Monday, June 21, 2010

Transforming our family karma

One way of understanding "lineage" is "linkage" – that which links each of us to our true nature, to each other, to the teachings, to the succession of teachers and to primordial wisdom itself. – Richard Reoch

I recently read a paper by a psychologist named Lloyd deMause in which he talks about the neurotic and destructive tendency in abusive parents to use their children as “poison containers”, in other words, as vessels into which all of the unresolved psychic pain and neuroses of their childhoods are injected. The more I contemplate this, the stronger I feel that all parents are destined to do this to some extent or another, not just those who are abusive towards their children. We all have the tendency to respond to our children with the same neurosis that we learned from our families – and we will do so until we see this clearly, and are able to transform it. Not that our family neuroses are equivalent to abuse, but they certainly create suffering for others and ourselves. Why not stop the lineage of neuroses, and transform it into the lineage of wisdom and sanity?

Our parents are often the main, if not the only, parenting role models we have. They have the most success in continuing a lineage, or linkage as Richard Reoch defines it, of either neurosis or nurture that can be traced back for many generations. If we are not mindful in our parenting, we will find that those same habitual patterns will be inherited by our own children, and be carried on into future generations. How do we cultivate those karmic seeds in our own lineages that hold awakening and compassion rather than aggression and fear? I think this is one of our central tasks as parents. It all depends on what seeds we choose to water!
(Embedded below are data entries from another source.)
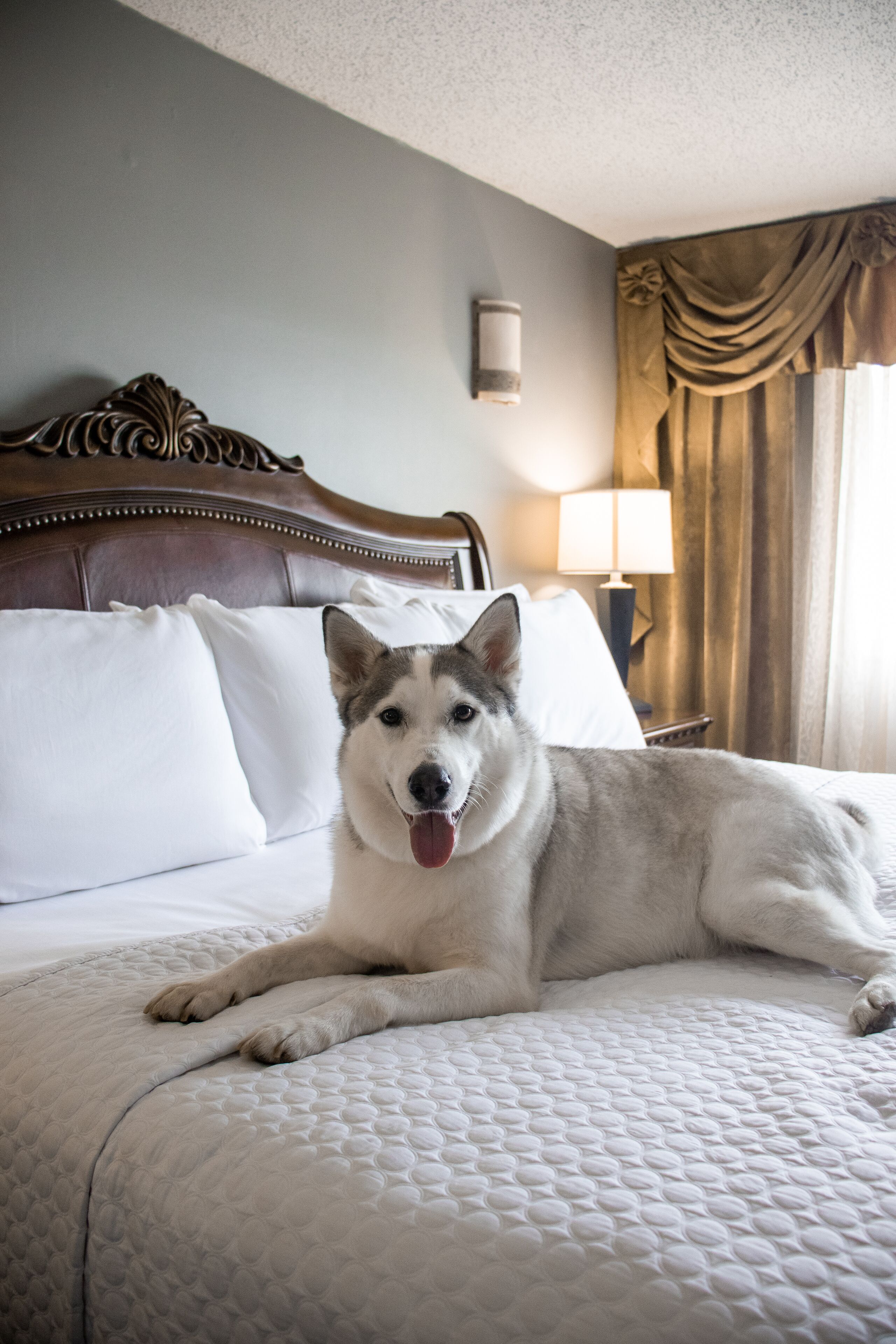Wyndham Houston near NRG Park/Medical Center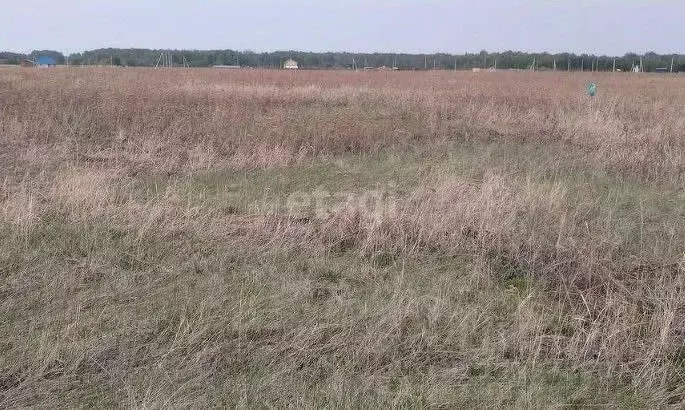 Участок в Свердловская область, Екатеринбург муниципальное ... - Фото 0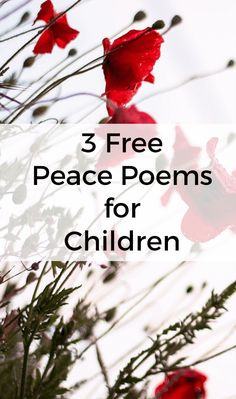 three red flowers with the words 3 free peace poem for children on top of them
To have some choice over what family karma our children inherit from us, we must continue to create enough space in our own minds to be able to distinguish when we are acting out of the accumulated karma of our families of origin, and when we are actually making a choice and acting out of our basic goodness or wisdom. We often see this choice arise when we are under pressure, when our children manage to provoke us, or when we are not taking good enough care of ourselves and so get overtaken by exhaustion or resentment. In all of these scenarios, our automatic responses often get the better of us. And in my own experience, our automatic responses are often those inherited from our parents.

The more we are able to slow down our automatic responses, the more possibility we create for behaving in a different way. The more mindfulness we can cultivate through meditation, whether it is formal sitting practice or acting with intention throughout our day, the more space will occur for us, so that we will be able to see when we are about to react to something or someone else in a habitual way. At first, we won’t really notice until after the fact, in which case we can use the regret, remediate and refrain tool I blogged about before. But at least we notice. We can go through our entire lives without noticing when we have created suffering, although we won’t escape the residual pain it leaves in its wake. So just noticing when we have behaved automatically is a big, important first step.

The more mindfulness we create, the more we will be able to notice the habitual response while or even before it occurs. Once this begins to happen, we can begin to pause. We can just pause when we feel the energy arise in us that usually leads to harming ourselves or others. That pause begins to literally stop the momentum of karma, the flow of habitual poison cultivated for so many generations. Once that momentum is interrupted, we can touch in with our bodies. Where do we feel this energy of anger, of fear, of resentment, frustration, whatever? Is my chest tightening? Is my stomach cramping? Can I breathe? Touching into what is going on physically for us is a way to ground that energy, begin to work with it rather than being carried away by it. We can begin to notice what thoughts we are engaging in. Are these thoughts that reflect our basic goodness and that of our children? Or do these thoughts focus on what is “wrong” with ourselves, our children, the situation, etc? If it is the latter, we can choose to let go of those thoughts. We can choose not to believe them. We can stop writing the story that has been written for so many centuries in our families.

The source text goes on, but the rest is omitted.